▶ _PROBLEM REQUIREMENTS_
Please output the data exactly, minus pictures.
Start of PROVIDED RECORDS
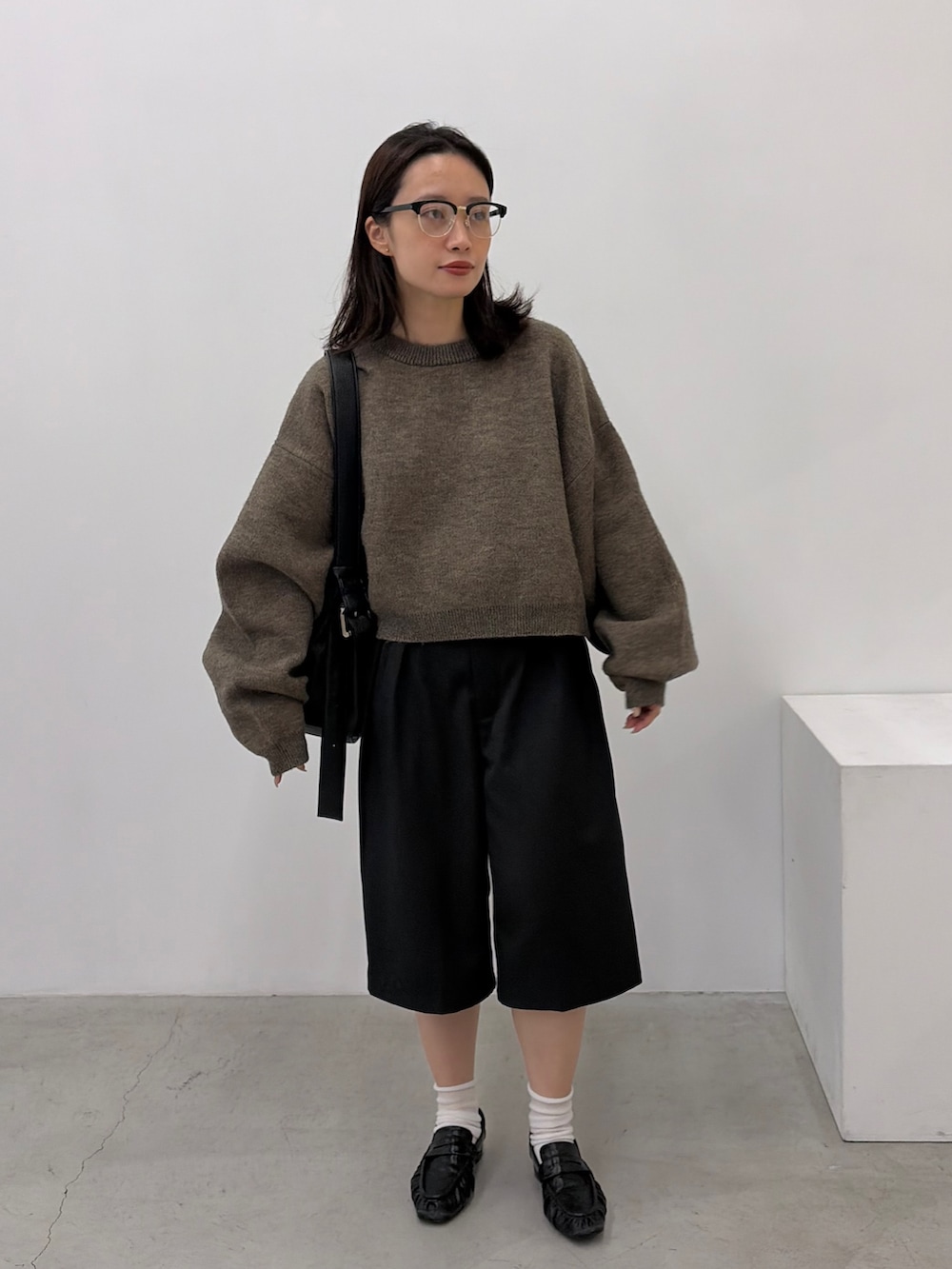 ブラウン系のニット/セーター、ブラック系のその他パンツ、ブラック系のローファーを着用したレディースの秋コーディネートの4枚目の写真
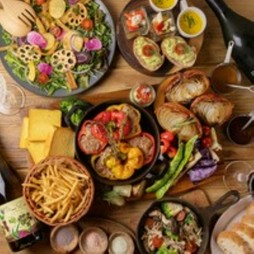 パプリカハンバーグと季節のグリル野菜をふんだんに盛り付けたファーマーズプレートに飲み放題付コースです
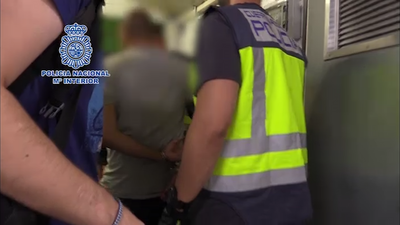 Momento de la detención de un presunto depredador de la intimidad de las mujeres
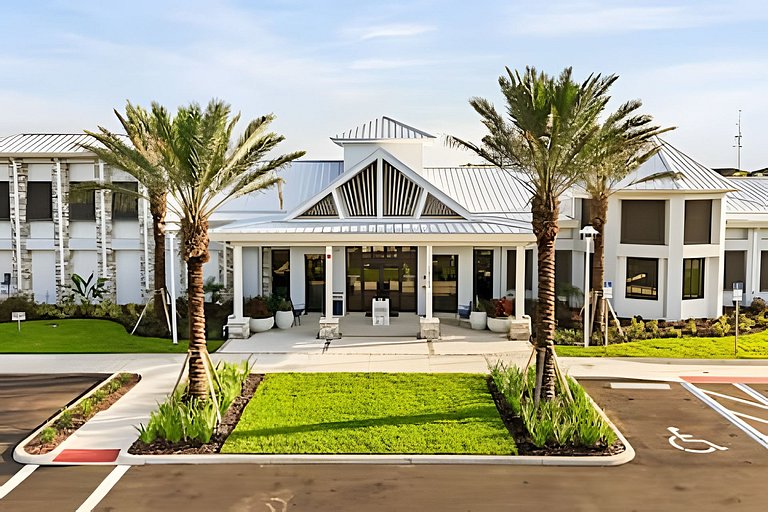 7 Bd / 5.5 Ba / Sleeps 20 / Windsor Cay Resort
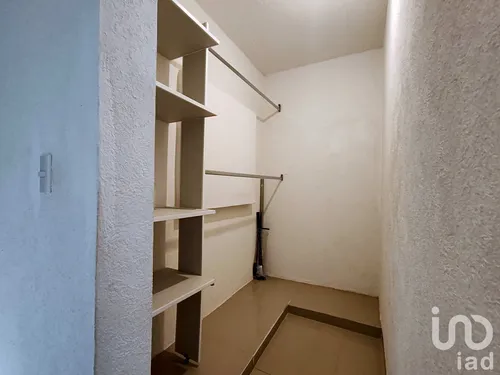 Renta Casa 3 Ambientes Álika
End of PROVIDED RECORDS
▶ _TASK ANSWER_
 ブラウン系のニット/セーター、ブラック系のその他パンツ、ブラック系のローファーを着用したレディースの秋コーディネートの4枚目の写真
 パプリカハンバーグと季節のグリル野菜をふんだんに盛り付けたファーマーズプレートに飲み放題付コースです
 Momento de la detención de un presunto depredador de la intimidad de las mujeres
 7 Bd / 5.5 Ba / Sleeps 20 / Windsor Cay Resort
 Renta Casa 3 Ambientes Álika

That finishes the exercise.